DATA PROVIDED Block Start
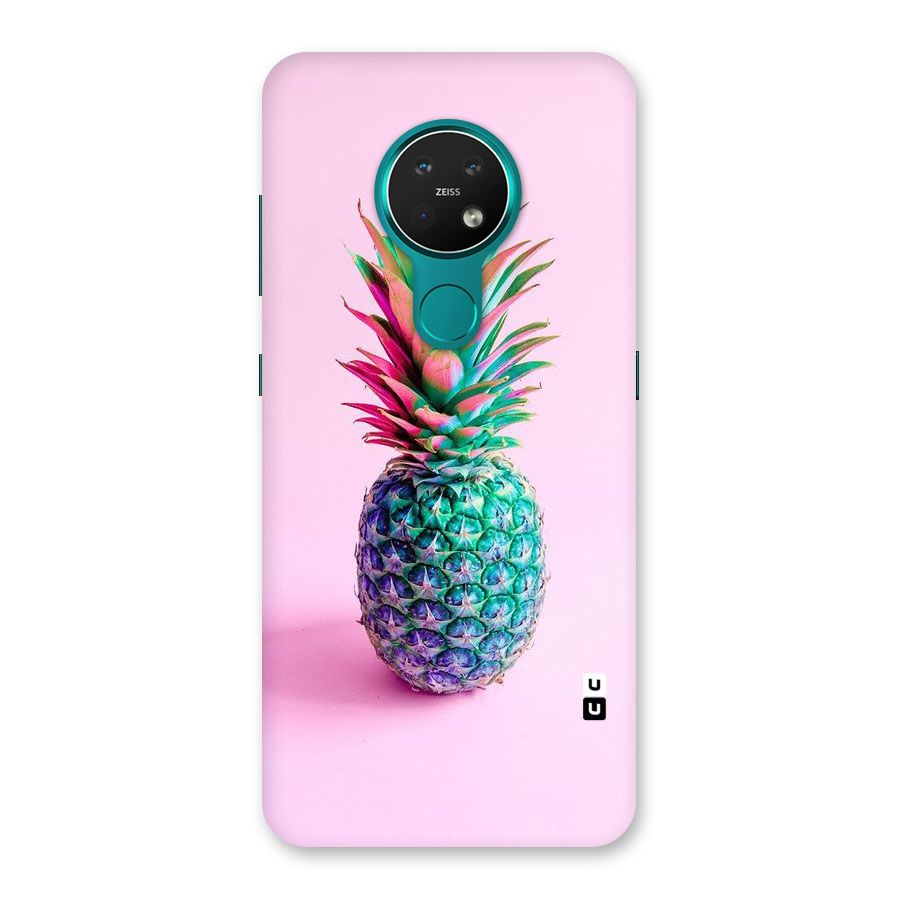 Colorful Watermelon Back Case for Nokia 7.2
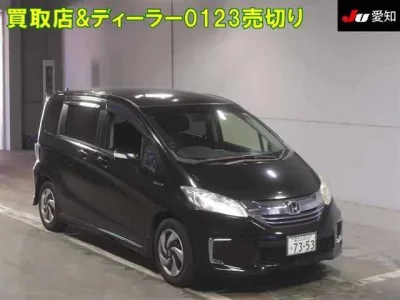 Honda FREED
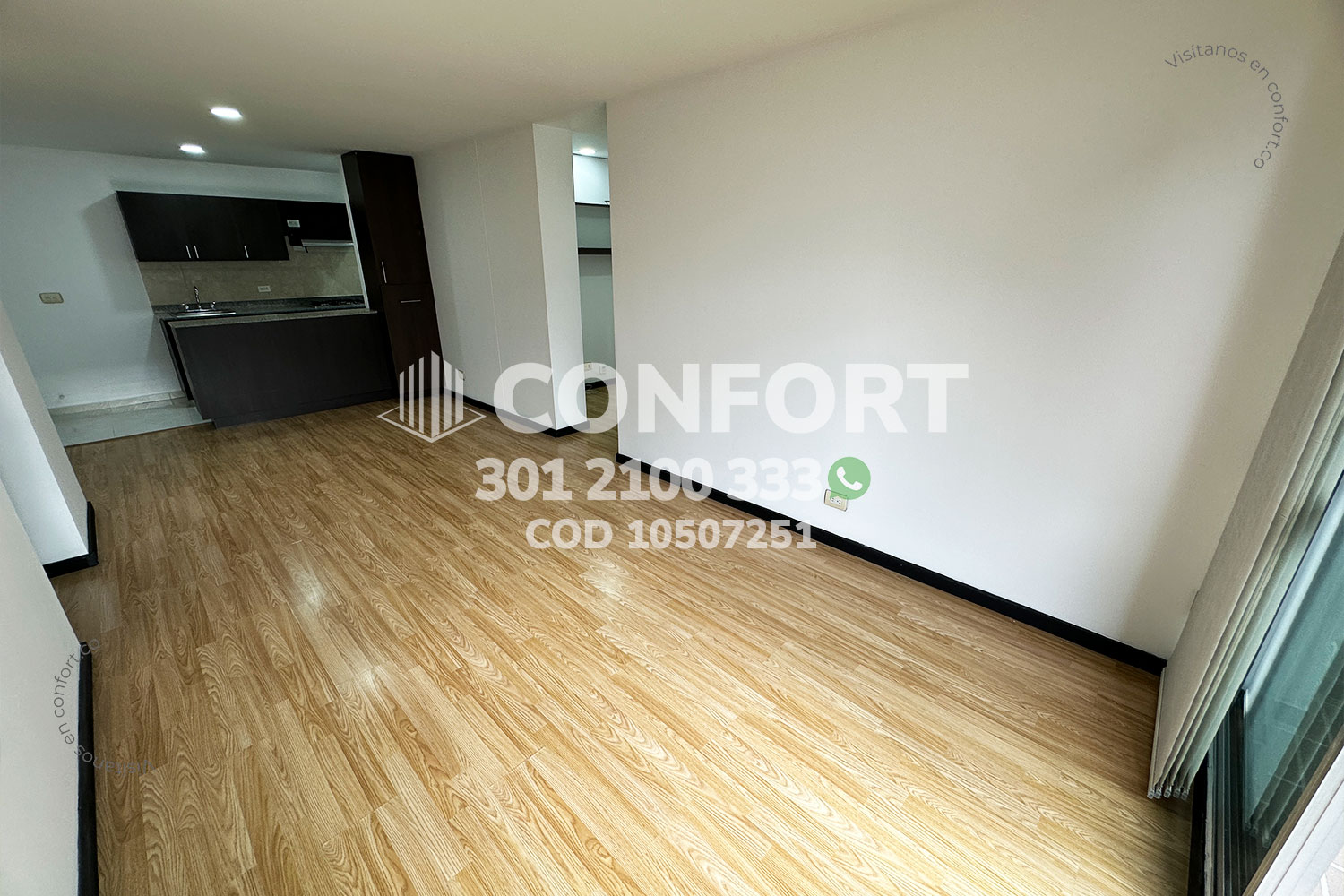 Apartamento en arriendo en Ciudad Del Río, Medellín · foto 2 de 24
DATA PROVIDED Block End
* ACTION ITEM *
Your reply must match the data above line for line, except that it holds no pictures.

* WRITTEN RESPONSE *
 Colorful Watermelon Back Case for Nokia 7.2
 Honda FREED
 Apartamento en arriendo en Ciudad Del Río, Medellín · foto 2 de 24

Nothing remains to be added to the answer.